Nitric oxide in experimental sepsis

University dissertation from Department of Anaesthesiology and Intensive Care, University Hospital, S-221 85 LUND, Sweden

Abstract: Nitric oxide (NO) is important in the control of blood pressure and organ perfusion. In septic shock, NO produced by inducible NO-synthase (NOS) has been claimed to mediate pathological vasodilation and cell injury, while NO produced by constitutive NOS may be protective in counteracting hypoperfusion and organ injury. This thesis comprises studies on the effects of inhaled NO on pulmonary function in a porcine model of unresuscitated Gram-negative septic shock and acute lung injury (ALI).
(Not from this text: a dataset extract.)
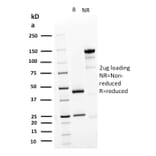 SDS-PAGE - Anti-Desmoglein 3 Antibody [DSG3/2839] - BSA and Azide free (A251561) - Antibodies.com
In this model and in normal pigs, we also investigated the effects of non-selective NOS inhibition on global and regional haemodynamics and oxygen extraction. NO inhalation: Inhaled NO (57 and 60 ppm) selectively attenuated pulmonary vasoconstriction without direct effects on the systemic circulation. Early NO inhalation preserved gas exchange by reducing venous admixture and alveolar dead space, but had no effects on respiratory mechanics. The effects on pulmonary haemodynamics and gas exchange were repeatable. Inhaled NO may mitigate endotoxic lung injury by reducing leukocyte sequestration in the pulmonary microvasculature. NOS inhibition: In both normal and endotoxic pigs, the pulmonary vasculature was more sensitive to the vasoconstricting effects of NOS inhibition than the systemic. In normal pigs, this pulmonary vasoconstriction was enhanced by prior stimulation with acetylcholine. The enhancement may be related to an associated release of a vasoconstricting prostanoid. In endotoxic shock, NOS inhibition caused several animals, with extreme pulmonary hypertension, to die before the end of the observation time. In spite of the fatal overall effects, hepatic perfusion was unharmed by NOS inhibition. The capacity to increase oxygen extraction, in response to the decrease in oxygen delivery, was preserved. In hypodynamic shock, compensatory mechanisms other than NO may be more important in the regulation of hepatic blood flow.